E il “siamo in guerra” da mantra sanitario diventa mantra economico quando parlando di riconversione industriale di alcune aziende del tessile e non solo, che si sono messe a produrre mascherine, si fa riferimento alla economia di guerra post prima guerra mondiale e post seconda.
Sino a giungere a rivivere quanto accadeva ai tempi della seconda guerra mondiale quando la gente per abbattere e alleviare il disagio economico, sfamarsi era costretta a impegnare i gioielli di famiglia con la fila delle persone a Torino davanti al Monte dei Pegni di Via Botero, come abbiamo potuto apprendere dal quotidiano La Stampa, a Palermo come abbiamo appreso dal TG1, per non parlare di quanta gente cerca di rovistare nei cassonetti situati nei pressi di qualche venditore di frutta e verdura e di quanta gente è stata costretta a rivolgersi ai Comuni per poter avere il buono della spesa.
Con un aumento del 30/50% in più di accessi al Monte dei Pegni ad ascoltare il direttore del credito su pegno della banca Carige, Giovanni Tomatis.
E per lo più, sostiene Tomatis, sono persone che non si erano mai rivolti prima d’ora al banco dei pegni.
Economia di guerra, povertà di guerra, appunto!
Salvatore Tassari di Bitonto, 47 anni, Cloud & Computing System Manager, Tim S.p.A.
Che sciagura ci è capitata.
Un cataclisma che lascia intatto il nostro “ambiente” e devasta i nostri corpi.
Un terremoto che colpisce, uno tsunami che sbaraglia i mattoni di cui sono fatti i nostri polmoni, i nostri cuori … e che ha creato, nella sola Lombardia, più vittime di quanto sia stata capace di mieterne la Seconda Guerra Mondiale.
Nemmeno nei film.
Una sciagura che ha fermato e bloccato qualsiasi tipo di rapporto sociale.
E quanto ancora oggi, in modo ridotto, funziona, opera in contesti spettrali: città, fabbriche, uffici spopolati.
“Andrà tutto bene” è il leit motiv che scimmiottiamo (a ragione), mentre perdiamo persone a noi carissime.

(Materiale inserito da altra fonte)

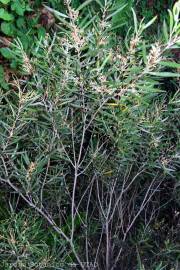 Fotografia da espécie Acacia longifolia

“Occorre pensare ad un mondo diverso” è la sintesi di chiunque, a vario titolo, opera sui tavoli decisionali chiamati ad invertire l’azione e le conseguenze di questo assassino invisibile che ha sconvolto le nostre esistenze e ci ha reclusi a vivere in casa.
E lo straordinario è diventato “ordinarietà”: smartworking, DaD (Didattica a distanza), riunioni familiari a distanza, social network usati, anche ma non solo per fini essenziali: continuare a volersi bene, a far sì che i rapporti umani non cessino ma perdurino.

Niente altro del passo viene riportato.